The number of families living on less than Rs 2,000 per month has reduced from 25% in 2005, to only 8% in 2006. The ILO also notes an improvement in women's standing. "In 95% of cases, at least one female member that lost income due to the tsunami, has recovered some income. This is a 30% increase, so it is quite significant," says Staermose.
Job recovery among men on the other hand, has reduced compared to 2005. "For men, employment recovery is 84% when it was 88%. This decline could be due to the situation in Jaffna," says Staermose. Overall, 77% of tsunami victims have gone back to jobs in the same sector as they were in before the tsunami. This indicates good recovery of tsunami affected sectors such as fisheries, agriculture and small business, says the ILO.
However, the ILO notes an income inequality among tsunami victims. Families that were relocated to new homes are showing difficulties earning income. People that have gone back to their original homes are doing much better than families that were relocated and those still living in transitional shelters.
"The new housing schemes seem to have some problems.

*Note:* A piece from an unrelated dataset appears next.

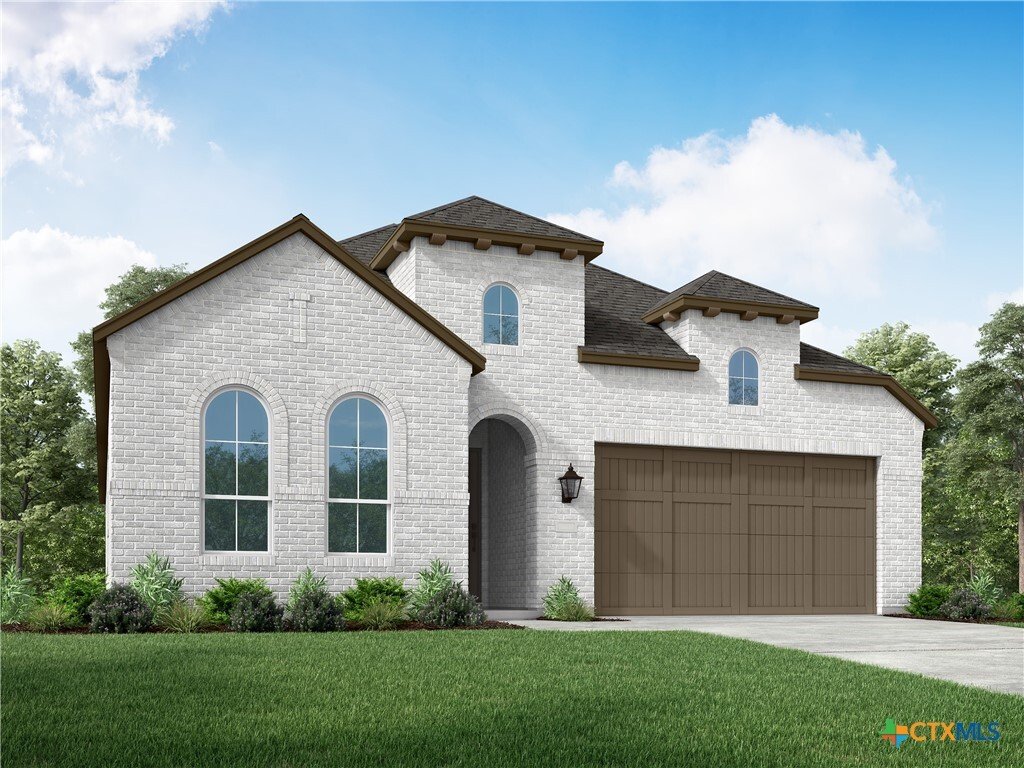 House in San Antonio, Texas, United States 1 - 17519418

People that were relocated to new houses seem to be poorer. So having a new home does not mean you can continue the same as before, because the entire social fabric of the community has changed," says Staermose.
The ILO findings show that 25% of the families that were relocated earn less than Rs 2,000 per month while 19% of families in transitional shelters are still living on less than Rs 2,000 per month. However, only 6% of the families that have gone back to their original homes report such low income. Therefore the ILO says families in new settlements need additional help to reintegrate their economic activities and start earning decent incomes.
One step back
"From our perspective the good news is, income and livelihood recovery has significantly improved in general but it is not the same across the island. In the south it is heading the way as planned but in parts of the north and east there is a reversal where it has gone back to the first phase," says Mr Doekle Wielinga, the chief technical advisor, of the ILO's Income Recovery Technical Assistance Programme.

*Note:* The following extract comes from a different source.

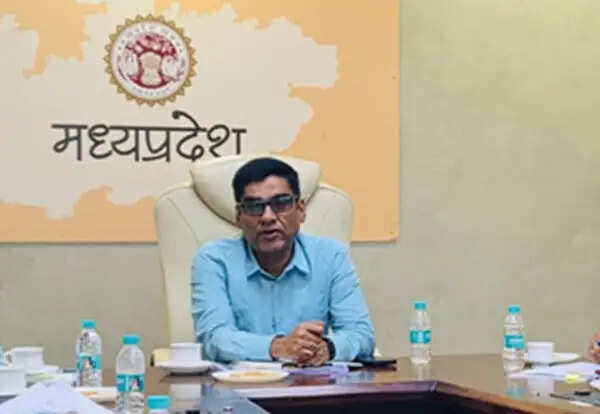 मंडियों में किसानों को पारदर्शी एवं गुणवत्तापूर्ण सेवाएं उपलब्ध कराना सर्वोच्च प्राथमिकता : प्रबंध संचालक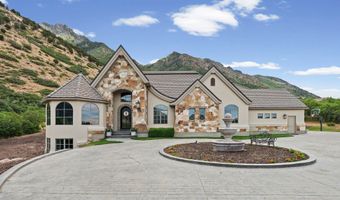 1454 E BALD MOUNTAIN Cir, Alpine, UT 84004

Unable to fish, farm or get construction jobs and even displaced, thousands of people in Jaffna and parts of the east are back on expensive cash grants because of the war. In Jaffna 45% of tsunami victims are now dependent on non-work income, compared to only 8% in 2005. The state of tsunami victims in LTTE controlled areas is even more uncertain as the ILO survey is limited mainly to government controlled parts of the north and east.

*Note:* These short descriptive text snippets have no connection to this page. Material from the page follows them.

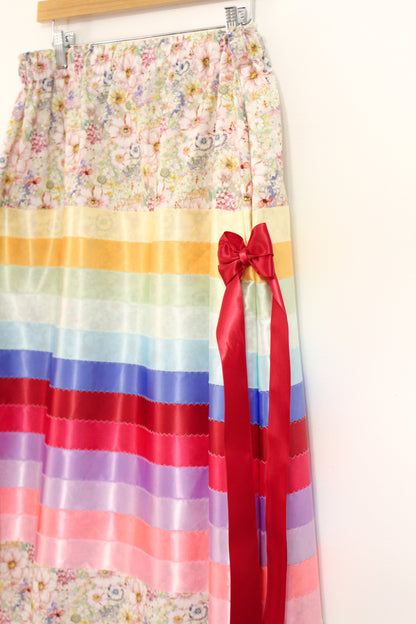 Ribbon Skirt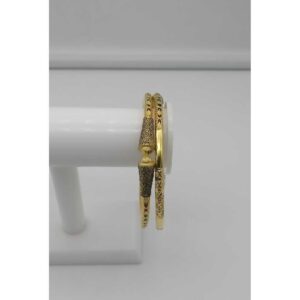 22KT Gold Classic Designer Copper Kadali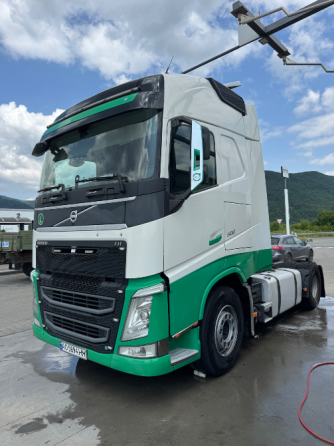 Volvo FH 2014 Хуст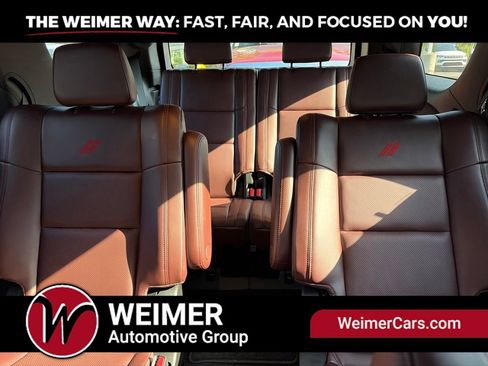 Used 2025 Dodge Durango R/T AWD/4WD image 15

"In conflict affected areas of the north and east, livelihood recovery plans are basically on hold. We are getting a lot of requests for cash for work and temporary employment schemes to put money in people's pockets. Especially as the prices of goods have sky rocketed in areas like Jaffan," says Mr. Wielinga.
More to do
The ILO says it would take another two to four years for full tsunami recovery, even in the south. To keep recovery on track the ILO is developing programmes, in consultation with other stakeholders, to identify need gaps at a divisional level. The ILO is also developing special assistance schemes for tsunami victims who were relocated to new homes.